Stored items from a collection
= = =
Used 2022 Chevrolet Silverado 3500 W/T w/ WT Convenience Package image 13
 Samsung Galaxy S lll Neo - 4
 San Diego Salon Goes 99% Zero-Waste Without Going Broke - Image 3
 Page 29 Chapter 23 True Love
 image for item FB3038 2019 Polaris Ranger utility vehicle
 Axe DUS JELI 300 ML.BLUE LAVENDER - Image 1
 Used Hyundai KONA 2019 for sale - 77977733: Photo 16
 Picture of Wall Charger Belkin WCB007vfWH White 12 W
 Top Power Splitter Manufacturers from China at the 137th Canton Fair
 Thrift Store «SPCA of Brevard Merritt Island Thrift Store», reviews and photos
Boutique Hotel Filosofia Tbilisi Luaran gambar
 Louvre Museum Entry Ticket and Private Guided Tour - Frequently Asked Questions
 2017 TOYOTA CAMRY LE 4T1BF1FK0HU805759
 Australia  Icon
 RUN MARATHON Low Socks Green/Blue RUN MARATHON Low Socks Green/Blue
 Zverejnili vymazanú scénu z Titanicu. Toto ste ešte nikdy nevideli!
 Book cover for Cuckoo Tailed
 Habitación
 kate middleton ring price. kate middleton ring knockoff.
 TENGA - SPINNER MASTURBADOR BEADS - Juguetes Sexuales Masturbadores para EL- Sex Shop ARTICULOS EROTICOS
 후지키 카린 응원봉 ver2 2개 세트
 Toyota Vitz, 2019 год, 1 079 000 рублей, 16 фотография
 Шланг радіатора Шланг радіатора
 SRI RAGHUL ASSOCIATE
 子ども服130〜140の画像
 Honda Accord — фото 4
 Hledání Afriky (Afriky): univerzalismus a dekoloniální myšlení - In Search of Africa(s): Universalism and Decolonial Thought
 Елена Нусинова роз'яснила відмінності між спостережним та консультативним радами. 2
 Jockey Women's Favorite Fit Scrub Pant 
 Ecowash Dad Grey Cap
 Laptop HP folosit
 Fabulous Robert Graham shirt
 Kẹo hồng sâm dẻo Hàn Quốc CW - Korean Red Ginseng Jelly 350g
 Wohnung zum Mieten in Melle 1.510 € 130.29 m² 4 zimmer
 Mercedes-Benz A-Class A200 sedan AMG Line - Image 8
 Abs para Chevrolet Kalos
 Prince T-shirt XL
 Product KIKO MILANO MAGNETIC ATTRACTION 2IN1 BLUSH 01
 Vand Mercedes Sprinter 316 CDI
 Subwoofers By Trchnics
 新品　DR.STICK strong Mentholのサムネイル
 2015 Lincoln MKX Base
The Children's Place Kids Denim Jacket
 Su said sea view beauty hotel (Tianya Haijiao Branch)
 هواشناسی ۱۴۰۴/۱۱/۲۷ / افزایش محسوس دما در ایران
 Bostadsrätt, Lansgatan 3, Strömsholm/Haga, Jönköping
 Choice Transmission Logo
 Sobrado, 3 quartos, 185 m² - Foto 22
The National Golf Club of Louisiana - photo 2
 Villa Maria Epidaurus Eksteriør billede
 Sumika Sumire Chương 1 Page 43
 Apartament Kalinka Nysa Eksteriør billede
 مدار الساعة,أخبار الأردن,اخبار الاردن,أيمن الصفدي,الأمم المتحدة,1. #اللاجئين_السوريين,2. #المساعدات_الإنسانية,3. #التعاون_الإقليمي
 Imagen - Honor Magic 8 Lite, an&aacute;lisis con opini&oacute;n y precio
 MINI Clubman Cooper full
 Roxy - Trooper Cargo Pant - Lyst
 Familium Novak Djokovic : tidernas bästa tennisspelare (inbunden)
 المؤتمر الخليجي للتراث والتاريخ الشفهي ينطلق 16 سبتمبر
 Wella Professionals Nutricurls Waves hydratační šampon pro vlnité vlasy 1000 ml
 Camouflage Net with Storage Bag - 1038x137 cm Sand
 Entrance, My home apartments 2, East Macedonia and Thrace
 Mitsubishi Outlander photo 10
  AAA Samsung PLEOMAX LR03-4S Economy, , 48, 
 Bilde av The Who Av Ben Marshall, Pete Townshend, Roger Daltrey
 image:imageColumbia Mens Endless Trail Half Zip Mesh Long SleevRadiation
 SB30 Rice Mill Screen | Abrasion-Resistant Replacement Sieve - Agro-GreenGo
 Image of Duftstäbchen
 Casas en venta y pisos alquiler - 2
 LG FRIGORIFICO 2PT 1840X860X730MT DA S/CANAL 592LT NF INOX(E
= = =
◆ YOUR GOAL: Please transcribe each of the entries, exactly as written.

◆ RESULT:
Used 2022 Chevrolet Silverado 3500 W/T w/ WT Convenience Package image 13
 Samsung Galaxy S lll Neo - 4
 San Diego Salon Goes 99% Zero-Waste Without Going Broke - Image 3
 Page 29 Chapter 23 True Love
 image for item FB3038 2019 Polaris Ranger utility vehicle
 Axe DUS JELI 300 ML.BLUE LAVENDER - Image 1
 Used Hyundai KONA 2019 for sale - 77977733: Photo 16
 Picture of Wall Charger Belkin WCB007vfWH White 12 W
 Top Power Splitter Manufacturers from China at the 137th Canton Fair
 Thrift Store «SPCA of Brevard Merritt Island Thrift Store», reviews and photos
Boutique Hotel Filosofia Tbilisi Luaran gambar
 Louvre Museum Entry Ticket and Private Guided Tour - Frequently Asked Questions
 2017 TOYOTA CAMRY LE 4T1BF1FK0HU805759
 Australia  Icon
 RUN MARATHON Low Socks Green/Blue RUN MARATHON Low Socks Green/Blue
 Zverejnili vymazanú scénu z Titanicu. Toto ste ešte nikdy nevideli!
 Book cover for Cuckoo Tailed
 Habitación
 kate middleton ring price. kate middleton ring knockoff.
 TENGA - SPINNER MASTURBADOR BEADS - Juguetes Sexuales Masturbadores para EL- Sex Shop ARTICULOS EROTICOS
 후지키 카린 응원봉 ver2 2개 세트
 Toyota Vitz, 2019 год, 1 079 000 рублей, 16 фотография
 Шланг радіатора Шланг радіатора
 SRI RAGHUL ASSOCIATE
 子ども服130〜140の画像
 Honda Accord — фото 4
 Hledání Afriky (Afriky): univerzalismus a dekoloniální myšlení - In Search of Africa(s): Universalism and Decolonial Thought
 Елена Нусинова роз'яснила відмінності між спостережним та консультативним радами. 2
 Jockey Women's Favorite Fit Scrub Pant 
 Ecowash Dad Grey Cap
 Laptop HP folosit
 Fabulous Robert Graham shirt
 Kẹo hồng sâm dẻo Hàn Quốc CW - Korean Red Ginseng Jelly 350g
 Wohnung zum Mieten in Melle 1.510 € 130.29 m² 4 zimmer
 Mercedes-Benz A-Class A200 sedan AMG Line - Image 8
 Abs para Chevrolet Kalos
 Prince T-shirt XL
 Product KIKO MILANO MAGNETIC ATTRACTION 2IN1 BLUSH 01
 Vand Mercedes Sprinter 316 CDI
 Subwoofers By Trchnics
 新品　DR.STICK strong Mentholのサムネイル
 2015 Lincoln MKX Base
The Children's Place Kids Denim Jacket
 Su said sea view beauty hotel (Tianya Haijiao Branch)
 هواشناسی ۱۴۰۴/۱۱/۲۷ / افزایش محسوس دما در ایران
 Bostadsrätt, Lansgatan 3, Strömsholm/Haga, Jönköping
 Choice Transmission Logo
 Sobrado, 3 quartos, 185 m² - Foto 22
The National Golf Club of Louisiana - photo 2
 Villa Maria Epidaurus Eksteriør billede
 Sumika Sumire Chương 1 Page 43
 Apartament Kalinka Nysa Eksteriør billede
 مدار الساعة,أخبار الأردن,اخبار الاردن,أيمن الصفدي,الأمم المتحدة,1. #اللاجئين_السوريين,2. #المساعدات_الإنسانية,3. #التعاون_الإقليمي
 Imagen - Honor Magic 8 Lite, an&aacute;lisis con opini&oacute;n y precio
 MINI Clubman Cooper full
 Roxy - Trooper Cargo Pant - Lyst
 Familium Novak Djokovic : tidernas bästa tennisspelare (inbunden)
 المؤتمر الخليجي للتراث والتاريخ الشفهي ينطلق 16 سبتمبر
 Wella Professionals Nutricurls Waves hydratační šampon pro vlnité vlasy 1000 ml
 Camouflage Net with Storage Bag - 1038x137 cm Sand
 Entrance, My home apartments 2, East Macedonia and Thrace
 Mitsubishi Outlander photo 10
  AAA Samsung PLEOMAX LR03-4S Economy, , 48, 
 Bilde av The Who Av Ben Marshall, Pete Townshend, Roger Daltrey
 image:imageColumbia Mens Endless Trail Half Zip Mesh Long SleevRadiation
 SB30 Rice Mill Screen | Abrasion-Resistant Replacement Sieve - Agro-GreenGo
 Image of Duftstäbchen
 Casas en venta y pisos alquiler - 2
 LG FRIGORIFICO 2PT 1840X860X730MT DA S/CANAL 592LT NF INOX(E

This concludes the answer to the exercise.